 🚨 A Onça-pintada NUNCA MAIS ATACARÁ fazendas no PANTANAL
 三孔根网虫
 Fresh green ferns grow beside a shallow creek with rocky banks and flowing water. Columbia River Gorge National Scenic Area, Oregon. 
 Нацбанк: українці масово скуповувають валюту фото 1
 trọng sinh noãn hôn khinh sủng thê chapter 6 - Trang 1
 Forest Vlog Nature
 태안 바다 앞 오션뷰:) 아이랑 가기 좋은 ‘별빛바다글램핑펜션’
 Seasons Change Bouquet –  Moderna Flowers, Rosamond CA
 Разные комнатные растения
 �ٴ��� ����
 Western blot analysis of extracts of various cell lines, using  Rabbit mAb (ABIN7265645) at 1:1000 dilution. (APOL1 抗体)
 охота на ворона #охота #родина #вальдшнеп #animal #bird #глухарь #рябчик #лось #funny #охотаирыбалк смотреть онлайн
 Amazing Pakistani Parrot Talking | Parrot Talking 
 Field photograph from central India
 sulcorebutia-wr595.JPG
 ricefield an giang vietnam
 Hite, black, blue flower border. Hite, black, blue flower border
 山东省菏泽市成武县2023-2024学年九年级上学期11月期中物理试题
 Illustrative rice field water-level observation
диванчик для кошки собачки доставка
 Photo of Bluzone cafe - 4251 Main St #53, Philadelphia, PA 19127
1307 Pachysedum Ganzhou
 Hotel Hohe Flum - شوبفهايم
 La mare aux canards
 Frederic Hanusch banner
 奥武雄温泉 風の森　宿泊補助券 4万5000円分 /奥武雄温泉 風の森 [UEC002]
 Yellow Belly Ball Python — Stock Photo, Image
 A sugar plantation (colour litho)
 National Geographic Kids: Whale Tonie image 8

==*==

Which lines in the data above contain "water"? Show each one.

== Response below ==
 Fresh green ferns grow beside a shallow creek with rocky banks and flowing water. Columbia River Gorge National Scenic Area, Oregon. 
 Illustrative rice field water-level observation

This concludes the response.